Les Séléka ont, quant à eux, un mode opératoire que nous maîtrisons. Ils sont en uniformes et ont compris que le rapport de force n’est pas en leur faveur. Ils ont accepté les mesures de confiance.
Lors du dernier pic de violence, l’attaque de l’église Fatima fin mai, le Premier ministre a évoqué une tentative de déstabilisation politique. Que répondez-vous ?
Ceux qui ont crié au complot n’ont pas réussi à nous en donner les preuves. Que s’est-il passé à Fatima ? Nous étions alors dans une période d’accalmie. Un ou deux jours avant, une frange des musulmans et des anti-balaka ont débuté un travail de réconciliation et ont organisé un match de football. Mais à la fin de la rencontre, trois musulmans ont été assassinés.

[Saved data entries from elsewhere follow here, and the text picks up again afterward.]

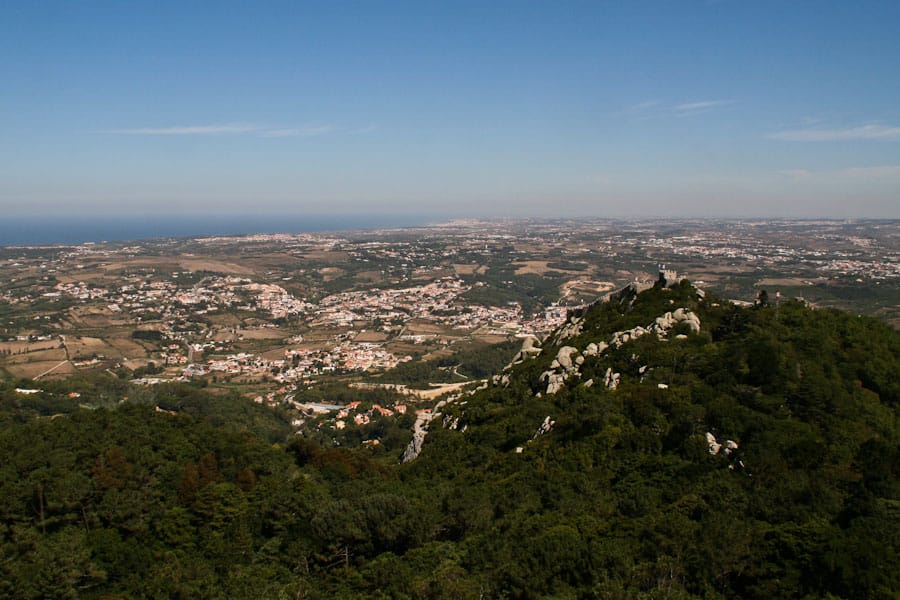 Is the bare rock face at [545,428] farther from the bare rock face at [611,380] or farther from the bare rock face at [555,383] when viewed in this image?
the bare rock face at [555,383]

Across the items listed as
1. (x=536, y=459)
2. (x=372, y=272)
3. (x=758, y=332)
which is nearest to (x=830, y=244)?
(x=372, y=272)

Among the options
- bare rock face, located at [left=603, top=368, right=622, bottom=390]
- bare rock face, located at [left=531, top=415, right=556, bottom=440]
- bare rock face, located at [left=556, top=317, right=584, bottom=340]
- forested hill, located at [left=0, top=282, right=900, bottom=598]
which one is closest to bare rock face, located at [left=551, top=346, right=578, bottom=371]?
forested hill, located at [left=0, top=282, right=900, bottom=598]

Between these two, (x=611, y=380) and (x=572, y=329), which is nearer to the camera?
(x=611, y=380)

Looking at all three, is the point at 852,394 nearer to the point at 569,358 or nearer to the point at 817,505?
the point at 817,505

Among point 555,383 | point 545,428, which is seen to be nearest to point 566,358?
point 555,383

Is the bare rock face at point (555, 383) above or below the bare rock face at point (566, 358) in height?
below

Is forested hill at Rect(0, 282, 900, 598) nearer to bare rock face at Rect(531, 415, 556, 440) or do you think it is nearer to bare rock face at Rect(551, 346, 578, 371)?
bare rock face at Rect(531, 415, 556, 440)

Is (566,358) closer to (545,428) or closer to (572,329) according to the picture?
(545,428)

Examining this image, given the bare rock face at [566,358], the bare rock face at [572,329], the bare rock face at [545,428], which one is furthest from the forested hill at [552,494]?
the bare rock face at [572,329]

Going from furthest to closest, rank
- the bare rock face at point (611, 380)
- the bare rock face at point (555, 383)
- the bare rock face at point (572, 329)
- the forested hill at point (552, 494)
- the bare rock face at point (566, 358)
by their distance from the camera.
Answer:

Le jour de la tuerie de Fatima, un groupe d’anti-balaka a décidé de frapper le 3e arrondissement. Mais cette fois-ci, les jeunes musulmans, qui se sont eux aussi organisés en groupes d’autodéfense, les attendaient en nombre et ont contre-attaqué. Sous la pression, les anti-balaka se sont réfugiés dans l’église. La poursuite des combats a entraîné les décès que l’on connaît.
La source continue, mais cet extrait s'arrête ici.